Neil, an ex arborist got in touch with us in April 2014 to discuss chainsaw maintenance and crosscutting training and we then had a meeting to explore possible collaboration on tree climbing, aerial rescue and emergency response, and the new emergency treework qualifications.
As an industry we have our own systems for rescue at height as taught on basic tree climbing courses, and have protocols for suspected spinal injury, which is to secure a casualty and await specialist assistance. Obviously there are situations where a rescue might need to go ahead regardless but my view is that our treatment of aerial rescue is rather superficial and sometimes unrealistic – after all when does anyone need rescuing from a convenient fork very near to the ground and main stem………
On our basic tree climbing courses we discuss the options for more complex rescue and how it’s important to consider the difficulty of the tree and the experience and actual climbing ability of the designated rescuer, as well as some pre-planning steps that can make a rescue significantly faster.
On more advanced courses such as rigging, aerial rescue is discussed and occasionally practiced in the context of a pole scenario (since many were assessed under the old City & Guilds NPTC units where this was optional) and the mechanical advantage and rigging principles can be readily applied to a range of problems, including the more complex rescues where the casualty need to be lifted.
Rescue might be split up into the following types, increasing in complexity.

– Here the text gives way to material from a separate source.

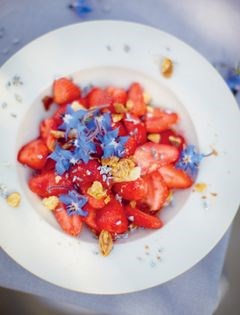 Strawberries and borage with flaked almonds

1. Carefully plan but avoid need for rescue – sets up mindset on each job.
2. Climber manages own first aid and descends on own without reference to ground crew.
3. Offer assistance and encouragement from the ground – casualty self rescues
4. Climbing rescue required – simple scenario, pick off
5. More complex rescue required, perhaps a lift or lateral transfer.
6. Rescue too complex or difficult or dangerous – external help required.
So the more complex rescue or a casualty with suspected spinal damage is where external help required, but what is the reality of this happening and how does this fit into the emergency services systems?
In addition I wanted to clarify a few of the points below -
· Are our emergency plans fit for purpose?
· What to ask for when calling 999 apart from the obvious?
· What is their off road capability?
· What happens on site when the emergency services arrive, do they take control, would they accept help from the arb team ?
· How do the Emergency Services perform rescue at height and how can we fit in / help
· What methods would be used to isolate and bring down those with suspected spinal damage?
This meeting presented a great opportunity to collaborate and get some real answers to these questions.
During our first day together I ran through some of the main points covered on a 5 day basic climbing course, from a 3 knot system as well as what intermediate climbers and more advanced arborists might be using such as zigzags & rope wrenches. A basic rescue was also demonstrated, all assisted by Chris Fletcher.
Risk assessment and visual tree assessment were also discussed, as part of the preparation of a site before aerial works commence.
I hope to bring more news of this exciting collaboration that will hopefully have practical benefits feeding through to our training courses.